DATA FOR REVIEW —
----------------------------------------
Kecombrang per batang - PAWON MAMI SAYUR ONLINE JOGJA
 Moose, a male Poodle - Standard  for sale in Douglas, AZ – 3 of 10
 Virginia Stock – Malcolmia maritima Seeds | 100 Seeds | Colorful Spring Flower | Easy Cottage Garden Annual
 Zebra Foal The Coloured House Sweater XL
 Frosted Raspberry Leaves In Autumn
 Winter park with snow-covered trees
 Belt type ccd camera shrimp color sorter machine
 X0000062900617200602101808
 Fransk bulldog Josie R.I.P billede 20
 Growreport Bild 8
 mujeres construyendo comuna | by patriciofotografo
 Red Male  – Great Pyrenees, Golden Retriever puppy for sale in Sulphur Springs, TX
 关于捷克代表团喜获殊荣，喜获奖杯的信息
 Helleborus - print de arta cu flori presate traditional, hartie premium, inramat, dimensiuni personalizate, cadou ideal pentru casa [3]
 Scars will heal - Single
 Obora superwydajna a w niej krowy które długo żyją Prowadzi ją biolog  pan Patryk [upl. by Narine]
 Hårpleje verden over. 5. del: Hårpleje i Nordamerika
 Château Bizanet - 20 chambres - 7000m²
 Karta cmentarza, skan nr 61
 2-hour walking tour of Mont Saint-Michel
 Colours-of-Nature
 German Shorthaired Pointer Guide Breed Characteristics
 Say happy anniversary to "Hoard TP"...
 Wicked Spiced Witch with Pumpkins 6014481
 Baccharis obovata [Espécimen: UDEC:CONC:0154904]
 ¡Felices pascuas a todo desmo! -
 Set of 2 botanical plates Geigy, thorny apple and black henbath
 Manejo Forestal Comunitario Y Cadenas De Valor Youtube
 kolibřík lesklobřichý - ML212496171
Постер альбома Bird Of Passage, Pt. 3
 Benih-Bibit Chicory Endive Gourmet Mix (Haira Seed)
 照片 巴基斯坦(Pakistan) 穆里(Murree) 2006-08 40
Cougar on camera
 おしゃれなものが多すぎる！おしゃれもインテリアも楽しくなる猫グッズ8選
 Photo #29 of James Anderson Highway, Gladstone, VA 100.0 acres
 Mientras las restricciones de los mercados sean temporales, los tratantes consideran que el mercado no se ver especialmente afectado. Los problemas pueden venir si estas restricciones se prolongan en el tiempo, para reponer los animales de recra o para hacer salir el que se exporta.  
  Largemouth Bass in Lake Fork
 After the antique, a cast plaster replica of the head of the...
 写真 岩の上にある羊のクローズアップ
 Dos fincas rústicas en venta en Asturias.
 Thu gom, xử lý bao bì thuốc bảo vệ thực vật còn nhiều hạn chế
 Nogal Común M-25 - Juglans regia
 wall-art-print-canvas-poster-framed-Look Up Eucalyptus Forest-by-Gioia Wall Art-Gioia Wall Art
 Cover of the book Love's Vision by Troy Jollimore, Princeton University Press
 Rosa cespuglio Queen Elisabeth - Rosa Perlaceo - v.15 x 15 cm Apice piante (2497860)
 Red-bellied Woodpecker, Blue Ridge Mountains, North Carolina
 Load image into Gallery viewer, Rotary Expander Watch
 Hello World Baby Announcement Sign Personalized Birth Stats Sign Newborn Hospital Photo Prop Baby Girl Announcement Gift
----------------------------------------
EXERCISE INSTRUCTIONS —
Return the entries above unchanged, starting at the first line and stopping after the line with "Nogal Común M-25 - Juglans regia".

YOUR SOLUTION —
Kecombrang per batang - PAWON MAMI SAYUR ONLINE JOGJA
 Moose, a male Poodle - Standard  for sale in Douglas, AZ – 3 of 10
 Virginia Stock – Malcolmia maritima Seeds | 100 Seeds | Colorful Spring Flower | Easy Cottage Garden Annual
 Zebra Foal The Coloured House Sweater XL
 Frosted Raspberry Leaves In Autumn
 Winter park with snow-covered trees
 Belt type ccd camera shrimp color sorter machine
 X0000062900617200602101808
 Fransk bulldog Josie R.I.P billede 20
 Growreport Bild 8
 mujeres construyendo comuna | by patriciofotografo
 Red Male  – Great Pyrenees, Golden Retriever puppy for sale in Sulphur Springs, TX
 关于捷克代表团喜获殊荣，喜获奖杯的信息
 Helleborus - print de arta cu flori presate traditional, hartie premium, inramat, dimensiuni personalizate, cadou ideal pentru casa [3]
 Scars will heal - Single
 Obora superwydajna a w niej krowy które długo żyją Prowadzi ją biolog  pan Patryk [upl. by Narine]
 Hårpleje verden over. 5. del: Hårpleje i Nordamerika
 Château Bizanet - 20 chambres - 7000m²
 Karta cmentarza, skan nr 61
 2-hour walking tour of Mont Saint-Michel
 Colours-of-Nature
 German Shorthaired Pointer Guide Breed Characteristics
 Say happy anniversary to "Hoard TP"...
 Wicked Spiced Witch with Pumpkins 6014481
 Baccharis obovata [Espécimen: UDEC:CONC:0154904]
 ¡Felices pascuas a todo desmo! -
 Set of 2 botanical plates Geigy, thorny apple and black henbath
 Manejo Forestal Comunitario Y Cadenas De Valor Youtube
 kolibřík lesklobřichý - ML212496171
Постер альбома Bird Of Passage, Pt. 3
 Benih-Bibit Chicory Endive Gourmet Mix (Haira Seed)
 照片 巴基斯坦(Pakistan) 穆里(Murree) 2006-08 40
Cougar on camera
 おしゃれなものが多すぎる！おしゃれもインテリアも楽しくなる猫グッズ8選
 Photo #29 of James Anderson Highway, Gladstone, VA 100.0 acres
 Mientras las restricciones de los mercados sean temporales, los tratantes consideran que el mercado no se ver especialmente afectado. Los problemas pueden venir si estas restricciones se prolongan en el tiempo, para reponer los animales de recra o para hacer salir el que se exporta.  
  Largemouth Bass in Lake Fork
 After the antique, a cast plaster replica of the head of the...
 写真 岩の上にある羊のクローズアップ
 Dos fincas rústicas en venta en Asturias.
 Thu gom, xử lý bao bì thuốc bảo vệ thực vật còn nhiều hạn chế
 Nogal Común M-25 - Juglans regia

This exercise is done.